* **REQUIRED ACTION**:
When you reach the line that contains "理光 Pro C9100", please begin copying, and carry on exactly to the last line of the material, leaving out every picture.

*** Block opens ***

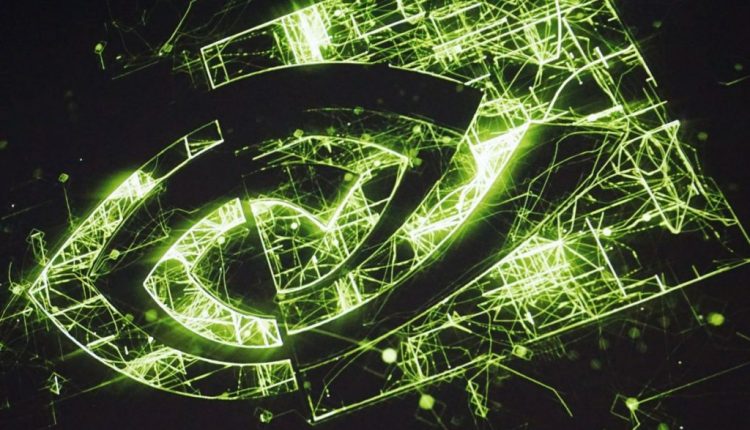 Nvidia reports $3.08 billion in Q1 2020 revenue, up 39% as AI and cloud soar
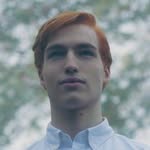 Jason Blossom - @jasonblossomrvd - Instagram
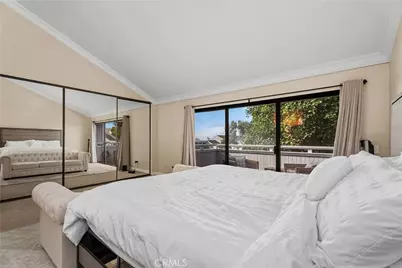 11 Baruna Court #55, Newport Beach, CA 92663 - Photo 31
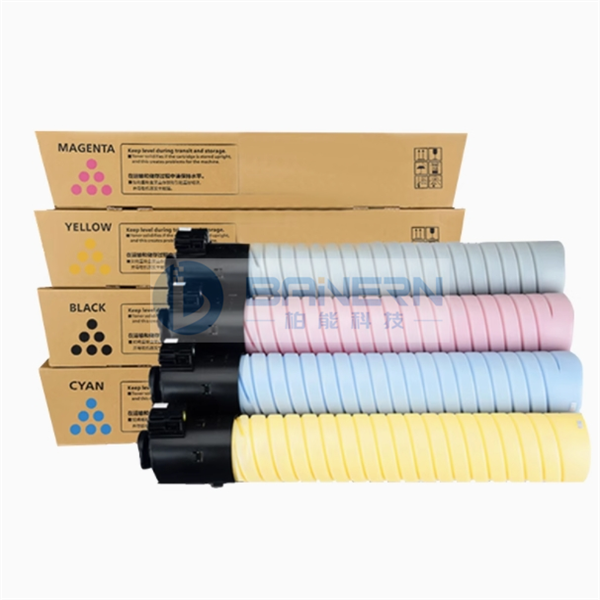 理光 Pro C9100 828310 828381 828382 828383 828314 828315 828316 828317 碳粉盒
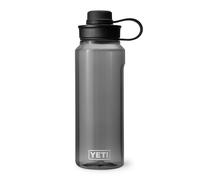 Yeti Yonder Botella para beber 1000 ml gris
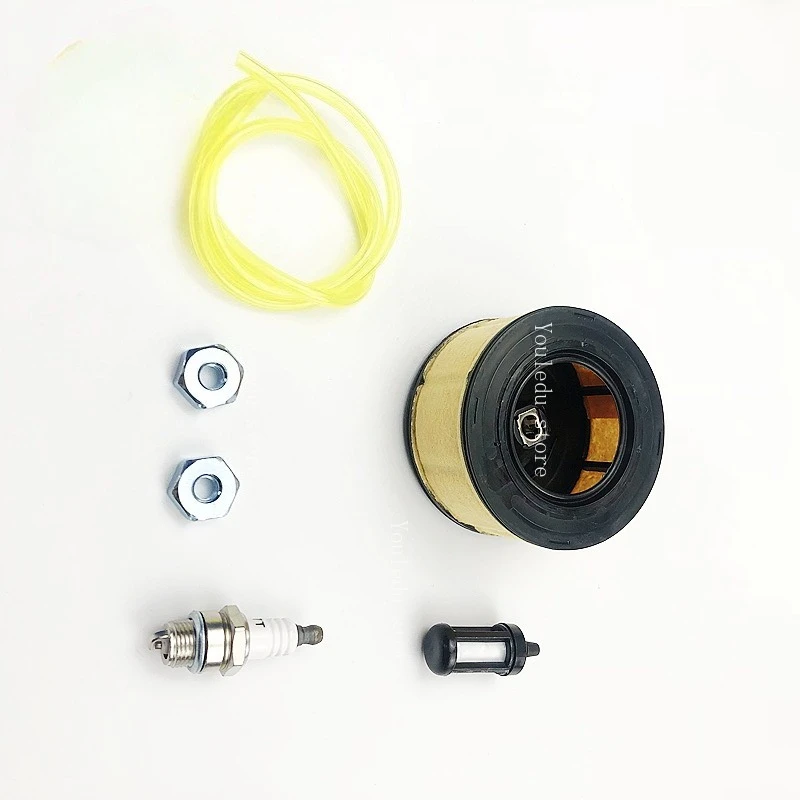 

Применяется к воздушным фильрам MS231 MS251C 271 291 311 391, фильтра, картриджи, хлопковым фильтром, аксессуарам для бензопилы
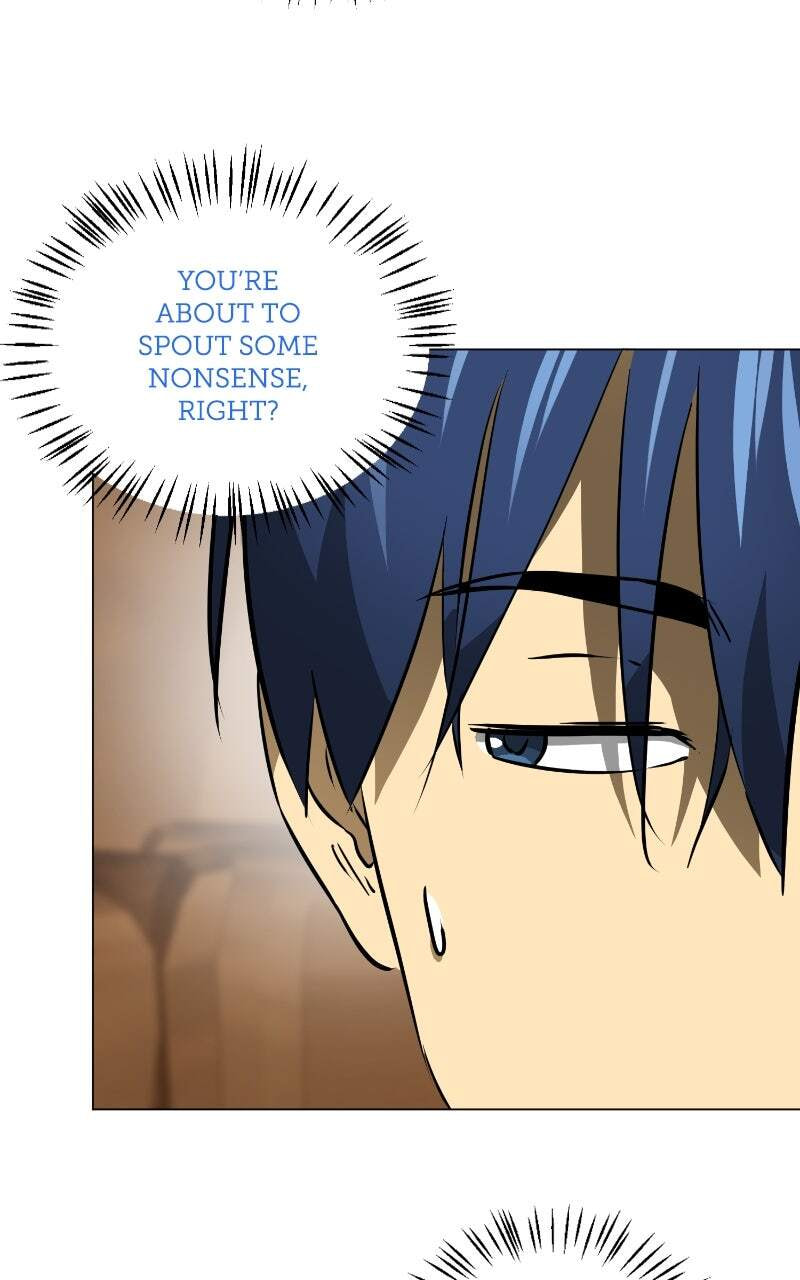 Read Infinite Leveling: Murim chapter 170 image 22 on Lezhin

*** Block closes ***

* **WRITTEN ANSWER**:
 理光 Pro C9100 828310 828381 828382 828383 828314 828315 828316 828317 碳粉盒
 Yeti Yonder Botella para beber 1000 ml gris

Применяется к воздушным фильрам MS231 MS251C 271 291 311 391, фильтра, картриджи, хлопковым фильтром, аксессуарам для бензопилы
 Read Infinite Leveling: Murim chapter 170 image 22 on Lezhin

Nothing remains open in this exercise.